Superb Production Launches Season in Pittsfield

By: - May 26, 2008

Barrington Barrington

I Am My Own Wife
By Dough Wright
Starring Vince Gatton
Directed by Andrew Volkoff; Set Design, Brian Prather;  Costumes, Jacob A. Climer;  Lighting, Scott Pinkney;  Sound,  Matt Kraus;  Press, Charlie Siedenburg; Production Stage Manager; Barbara Janice Kielhofer; Casting, McCorkle Casting, Ltd. ; Original Miniature Furniture Designed by Paul Eric Pape; Other Stages Producer, Mary Porter Hall.
Stage Two, Barrington Stage Company, 36 Linden Street, Pittsfield, Mass. May 21 through June 8. Box Office: 413 236 8888
http://www.barringtonstageco.org

            Before the curtain rises on Barrington Stage Company productions, its Artistic Director, Julianne Boyd, greets the audience and provides updates on special events and offers such as the Pay What You Want nights for ages 35 and under. The intention is to expand the audience beyond the mostly seniors who attended the season opening of I Am My Own Wife. She welcomed the audience to the intimate new Stage Two which had been under construction in the V. F.W. center, since April. Boyd told me that they have a five year lease as tenants in this smaller theatre which will run concurrently with the Main Stage productions. This just enriches the menu and diversity of offerings of an outstanding regional theatre company.

           During an opening at Mass MoCA, on Saturday, we learned from Stuart Chase, the director of the Berkshire Museum in Pittsfield, that they have finished a $10 million renovation. The magnificent Colonial Theatre has been renovated and this is the second season of Barrington Stage in its new permanent home in Pittsfield. It is also the second full season for the outstanding Ferrin Gallery which has relocated from Lenox. The Storefront Artists Project, which played a huge role in getting the arts rolling in downtrodden Pittsfield, continues to thrive and expand its ambitious programming. A multi screen art house is under development. While the ambitious Spice restaurant has closed it appears that another well established Berkshire restaurant will open in the now vacant space. All together there are compelling signifiers that once down on its heels Pittsfield is revitalized as the matrix for the arts in the Berkshires.

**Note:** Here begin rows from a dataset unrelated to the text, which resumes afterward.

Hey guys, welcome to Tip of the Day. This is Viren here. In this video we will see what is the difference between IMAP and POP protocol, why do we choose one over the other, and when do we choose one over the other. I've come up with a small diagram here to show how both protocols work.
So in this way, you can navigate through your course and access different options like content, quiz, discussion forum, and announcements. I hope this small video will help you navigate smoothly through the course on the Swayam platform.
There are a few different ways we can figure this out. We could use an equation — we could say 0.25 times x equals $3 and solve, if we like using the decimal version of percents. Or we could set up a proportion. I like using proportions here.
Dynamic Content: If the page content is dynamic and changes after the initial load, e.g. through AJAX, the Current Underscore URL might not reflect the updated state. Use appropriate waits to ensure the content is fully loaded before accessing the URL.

            The intimate new Stage Two has been launched with an absolutely riveting production of the 2004 Tony and Pulitzer award winning drama starring the truly amazing Vince Gatton as the complex and nuanced Charlotte von Mahlsdorf. She was a German transvestite and antiques collector, who survived and outwitted both the Nazis and the Stasi of East Germany.

           Having seen the original Broadway production starring Jefferson Mays, who won the Tony Award as best actor for the one man play, I knew what to expect. But I was truly blown away by this production and performance. In this more intimate setting the play proved to be even more powerful and absorbing than it was on Broadway. At close range we were able to appreciate all of the subtle nuances of voice, body language, and facial expression as Gatton portrayed not only the fragile, vulnerable, damaged Charlotte (nee Lothar Berfelde) but all of the many other characters- researchers, friends, family members, journalists, Nazis and Stasi thugs- who inform the complex narrative.

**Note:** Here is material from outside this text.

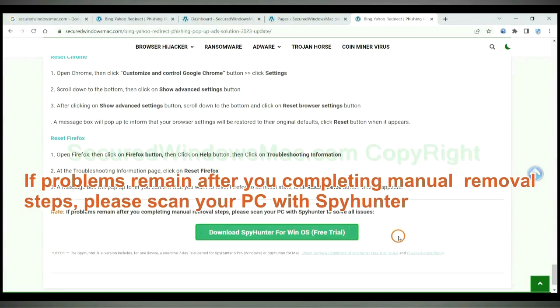If problems remain after you complete manual removal steps, please scan your PC with SpyHunter.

           Every aspect of this production meshed perfectly. The set, by Brian Prather, was nicely cluttered and claustrophobic. It conveyed Charlotte's eccentric museum of objects from Das Grunderzeit the decade of the 1890s or what she describes with some irony as the "Gay 90s." The lighting of Jacob A. Climer brilliantly enhanced the action as did the sensitive sound design of Matt Kraus and lighting by Scott Pinkney. In the limited confines of the space we get a sense of the endless bric a brac and furniture. We experience Charlotte's obsessive compulsion about Edison gramophones, oil lamps, clocks and furniture, through a clever use of models created skillfully by Paul Eric Pape. From a box set onto a table Charlotte lovingly presented these models as we imagined her conducting a tour of the museum.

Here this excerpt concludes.